What you need to do: When you reach the line containing "Pre-Dawn- (2) Dim, empty" in the entries below, start writing out each line exactly, and stop after the line containing "Floral Print Peplum Babydoll Top".
BEGIN Data shown
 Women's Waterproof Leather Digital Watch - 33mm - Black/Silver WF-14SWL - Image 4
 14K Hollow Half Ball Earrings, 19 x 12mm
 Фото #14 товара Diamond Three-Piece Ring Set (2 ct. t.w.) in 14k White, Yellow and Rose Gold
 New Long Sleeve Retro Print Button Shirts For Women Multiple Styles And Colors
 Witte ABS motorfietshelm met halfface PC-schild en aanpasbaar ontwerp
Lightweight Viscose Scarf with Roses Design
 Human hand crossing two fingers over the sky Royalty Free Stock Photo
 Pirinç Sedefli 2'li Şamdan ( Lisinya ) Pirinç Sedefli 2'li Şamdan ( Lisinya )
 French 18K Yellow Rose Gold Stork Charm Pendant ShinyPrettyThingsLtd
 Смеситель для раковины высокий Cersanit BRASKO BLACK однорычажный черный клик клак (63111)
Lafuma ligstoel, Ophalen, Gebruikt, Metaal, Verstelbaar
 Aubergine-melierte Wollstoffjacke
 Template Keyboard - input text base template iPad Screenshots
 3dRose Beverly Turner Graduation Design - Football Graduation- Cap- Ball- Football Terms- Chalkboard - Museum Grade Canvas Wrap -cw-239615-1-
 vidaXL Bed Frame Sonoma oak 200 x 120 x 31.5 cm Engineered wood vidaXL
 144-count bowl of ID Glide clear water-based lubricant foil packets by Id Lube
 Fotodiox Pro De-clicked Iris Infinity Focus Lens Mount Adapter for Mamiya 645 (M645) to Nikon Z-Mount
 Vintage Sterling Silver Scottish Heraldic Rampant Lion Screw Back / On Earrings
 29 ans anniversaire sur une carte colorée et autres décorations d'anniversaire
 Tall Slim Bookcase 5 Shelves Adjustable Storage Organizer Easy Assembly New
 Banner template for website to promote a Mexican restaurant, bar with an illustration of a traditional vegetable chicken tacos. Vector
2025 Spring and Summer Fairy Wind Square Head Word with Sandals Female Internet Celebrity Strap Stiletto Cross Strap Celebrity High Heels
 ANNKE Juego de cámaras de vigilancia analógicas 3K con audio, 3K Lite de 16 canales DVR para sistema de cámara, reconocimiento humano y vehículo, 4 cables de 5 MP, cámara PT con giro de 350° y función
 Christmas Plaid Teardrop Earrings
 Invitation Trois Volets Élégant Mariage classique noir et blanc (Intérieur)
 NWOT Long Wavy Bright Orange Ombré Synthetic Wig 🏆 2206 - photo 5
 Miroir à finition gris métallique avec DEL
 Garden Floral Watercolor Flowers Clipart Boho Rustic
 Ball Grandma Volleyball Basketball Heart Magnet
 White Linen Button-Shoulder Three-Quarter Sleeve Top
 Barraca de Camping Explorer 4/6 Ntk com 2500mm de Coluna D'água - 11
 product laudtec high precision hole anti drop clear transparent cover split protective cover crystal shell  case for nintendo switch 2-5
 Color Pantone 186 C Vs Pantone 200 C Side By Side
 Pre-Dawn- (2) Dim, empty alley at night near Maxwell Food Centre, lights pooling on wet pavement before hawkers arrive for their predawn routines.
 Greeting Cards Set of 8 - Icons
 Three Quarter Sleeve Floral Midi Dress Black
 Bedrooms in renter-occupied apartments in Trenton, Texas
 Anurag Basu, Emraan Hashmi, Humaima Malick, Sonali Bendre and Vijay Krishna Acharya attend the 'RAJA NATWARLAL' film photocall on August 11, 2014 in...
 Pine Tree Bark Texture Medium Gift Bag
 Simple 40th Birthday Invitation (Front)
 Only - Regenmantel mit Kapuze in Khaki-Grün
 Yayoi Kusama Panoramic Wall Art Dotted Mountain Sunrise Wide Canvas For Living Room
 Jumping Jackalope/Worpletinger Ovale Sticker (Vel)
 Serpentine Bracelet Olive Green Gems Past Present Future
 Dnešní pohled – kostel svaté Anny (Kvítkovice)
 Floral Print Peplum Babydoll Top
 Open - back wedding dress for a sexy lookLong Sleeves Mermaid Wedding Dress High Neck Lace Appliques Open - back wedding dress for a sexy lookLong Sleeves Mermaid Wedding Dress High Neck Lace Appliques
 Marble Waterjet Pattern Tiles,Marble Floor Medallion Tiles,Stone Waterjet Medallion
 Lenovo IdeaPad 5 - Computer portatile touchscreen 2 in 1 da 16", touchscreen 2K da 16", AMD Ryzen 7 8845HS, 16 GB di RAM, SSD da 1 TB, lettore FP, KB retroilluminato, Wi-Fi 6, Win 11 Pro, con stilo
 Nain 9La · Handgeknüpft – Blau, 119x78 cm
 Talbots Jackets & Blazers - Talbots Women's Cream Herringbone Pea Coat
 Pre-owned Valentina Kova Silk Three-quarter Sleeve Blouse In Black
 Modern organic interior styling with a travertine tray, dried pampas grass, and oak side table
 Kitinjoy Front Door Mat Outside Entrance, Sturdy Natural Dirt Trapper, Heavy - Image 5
END Data shown
Task result:
 Pre-Dawn- (2) Dim, empty alley at night near Maxwell Food Centre, lights pooling on wet pavement before hawkers arrive for their predawn routines.
 Greeting Cards Set of 8 - Icons
 Three Quarter Sleeve Floral Midi Dress Black
 Bedrooms in renter-occupied apartments in Trenton, Texas
 Anurag Basu, Emraan Hashmi, Humaima Malick, Sonali Bendre and Vijay Krishna Acharya attend the 'RAJA NATWARLAL' film photocall on August 11, 2014 in...
 Pine Tree Bark Texture Medium Gift Bag
 Simple 40th Birthday Invitation (Front)
 Only - Regenmantel mit Kapuze in Khaki-Grün
 Yayoi Kusama Panoramic Wall Art Dotted Mountain Sunrise Wide Canvas For Living Room
 Jumping Jackalope/Worpletinger Ovale Sticker (Vel)
 Serpentine Bracelet Olive Green Gems Past Present Future
 Dnešní pohled – kostel svaté Anny (Kvítkovice)
 Floral Print Peplum Babydoll Top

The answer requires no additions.